I am going to be painting over old wood paneling in a bedroom. I was wondering what you all suggested for a primer/base coat? In the past, I have always used Kilz for dark walls (like this dark wood paneling). 

Are there any other better primers recommended? It seems like these types of projects always take a few coats to cover well.

Any help or suggestions are greatly welcomed.

Thanks


----------



## Guest (Jul 30, 2007)

Kilz isn't a bad idea, though I would use Zinsser Cover-stain myself. You should be able to use an acrylic even, such as 1-2-3 but I think Cover-stain would give the best adhesion going over a previous oil coating, provided your paneling has polyurethane on it like I would assume.


----------



## vomtickie (Jun 5, 2007)

poppameth said:


> You should be able to use an acrylic even, such as 1-2-3 but I think Cover-stain would give the best adhesion going over a previous oil coating, provided your paneling has polyurethane on it like I would assume.

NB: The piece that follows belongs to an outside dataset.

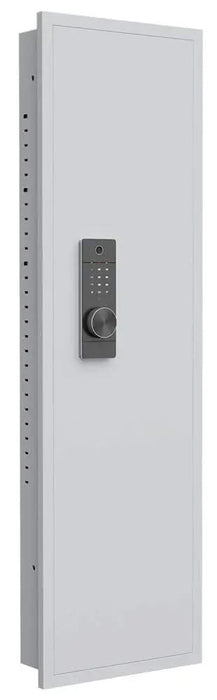 Image of Advanced Tall Biometric Wall Safe with Keypad and Backup Key, White-Item# 12975  NationwideSafes.com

Good point. The paneling does have polyurethane on it. Thanks for your help.


----------



## Darylh (Jan 2, 2006)

When it comes to Paneling I always give it a sanding to rough up the surphace a bit and use Kilz original oil based primer.


----------



## jgeorgie33 (Jul 31, 2007)

So is it real paneling or fake? I have fake in my room and it helped to sand it down first.


----------



## vomtickie (Jun 5, 2007)

jgeorgie33 said:


> So is it real paneling or fake?


This is real wood paneling. It's probably about 30-40 years old.


----------



## Guest (Aug 1, 2007)

Yes a light sanding is never a bad idea either. Make sure you get the dust off before priming.


----------



## Workaholic (Apr 1, 2007)

Darylh said:


> When it comes to Paneling I always give it a sanding to rough up the surphace a bit and use Kilz original oil based primer.


This is how i would do it as well.


----------



## slickshift (Aug 25, 2005)

A nice scuff sanding, clean off the dust, and prime with Cover-Stain or Original (oil-based) Kilz


----------